━━━ SUPPLIED INFORMATION ━━━

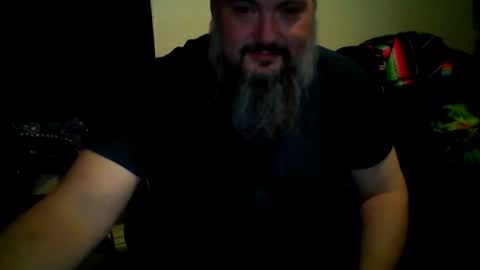 mattiopizzaboy online show from February 13, 2:29 am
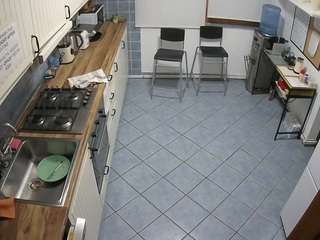 voyeurcam-julmodels-kitchen-2 webcam model stream image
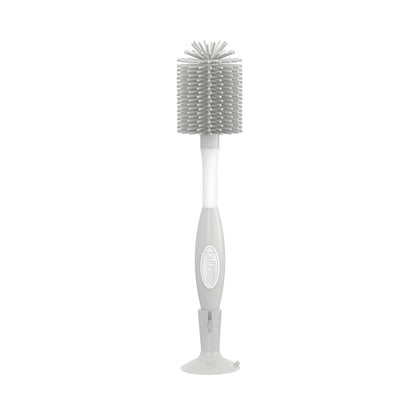 Dr. Brown’s™ Soft Touch Bottle Brush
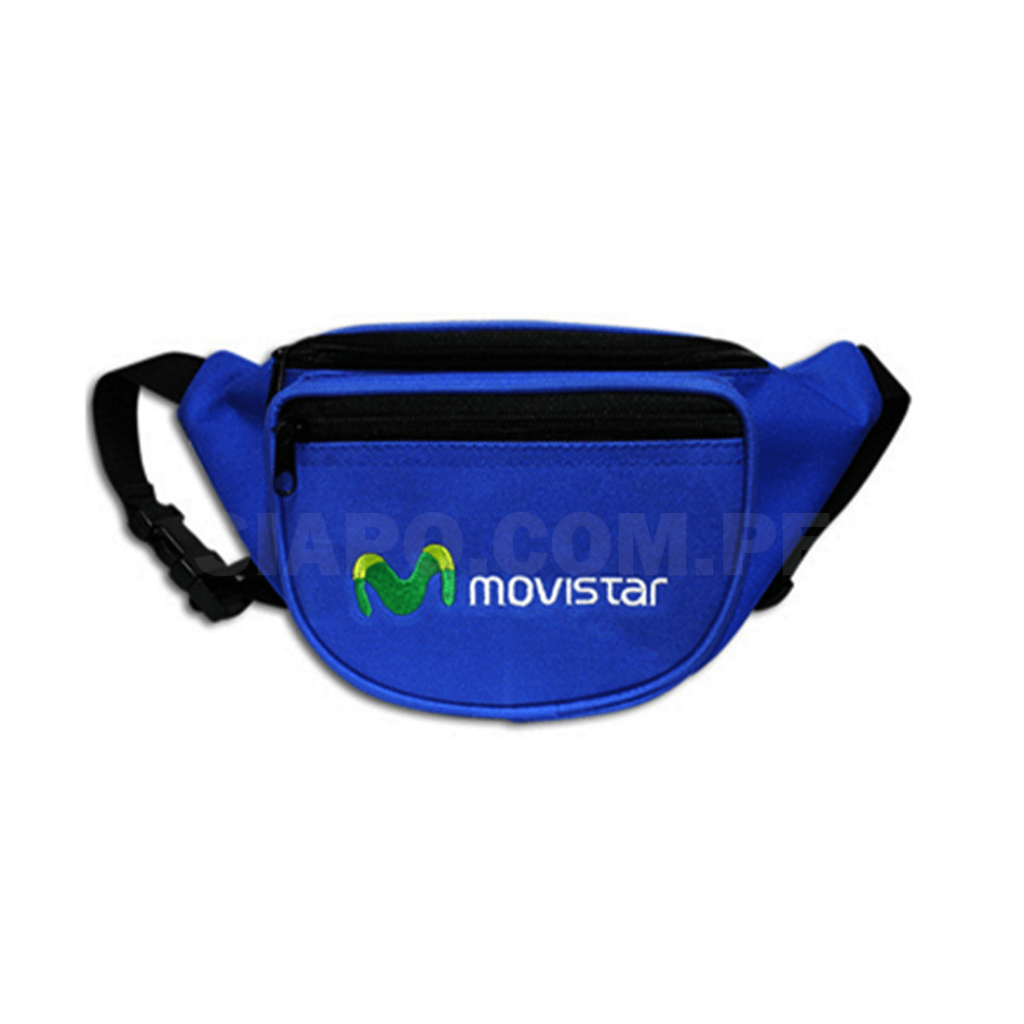 canguros_publicitarios_10-1024x1024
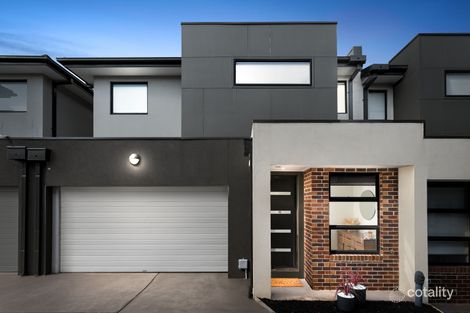 13/788 Plenty Rd, South Morang, VIC 3752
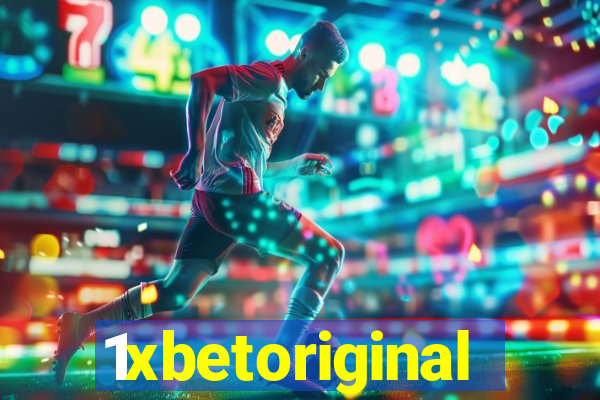 1xbetoriginal
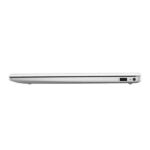 خرید قسطی لپ تاپ اچ پی مدل fd0361nia i5 1334U 8GB 512SSD 2GB فروشگاه اینترنتی سرند کالا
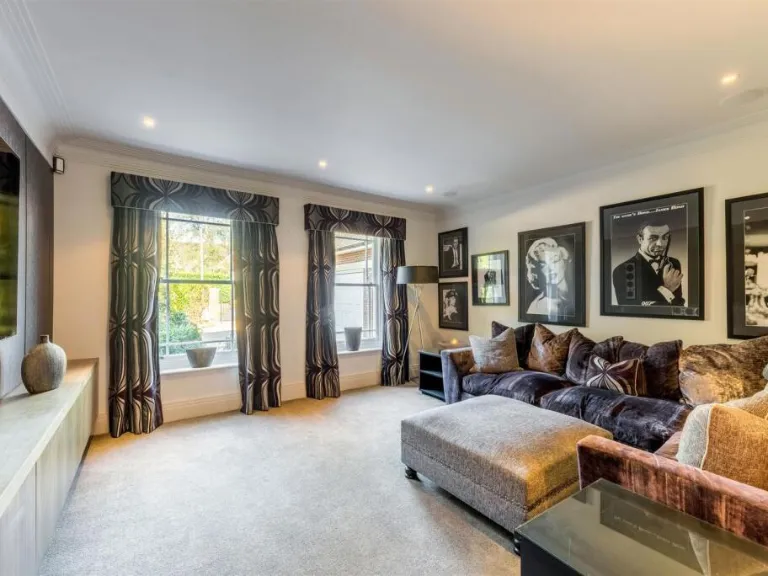 property Compatible Images}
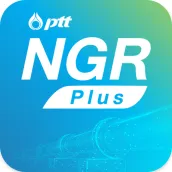 PTT NGR Plus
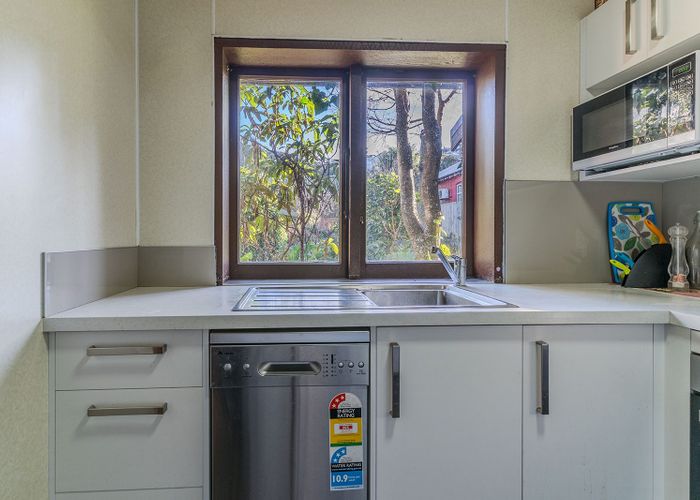  at 760F George Street, North Dunedin, Dunedin, Otago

━━━

§ **WHAT NEEDS TO BE DONE**
Copy the entries above exactly from the line with "Dr. Brown’s™ Soft Touch Bottle Brush" down to their last line, both ends included. Do not copy any pictures.

§ **OUTPUT OF THE TASK**
 Dr. Brown’s™ Soft Touch Bottle Brush
 canguros_publicitarios_10-1024x1024
 13/788 Plenty Rd, South Morang, VIC 3752
 1xbetoriginal
 خرید قسطی لپ تاپ اچ پی مدل fd0361nia i5 1334U 8GB 512SSD 2GB فروشگاه اینترنتی سرند کالا
 property Compatible Images}
 PTT NGR Plus
  at 760F George Street, North Dunedin, Dunedin, Otago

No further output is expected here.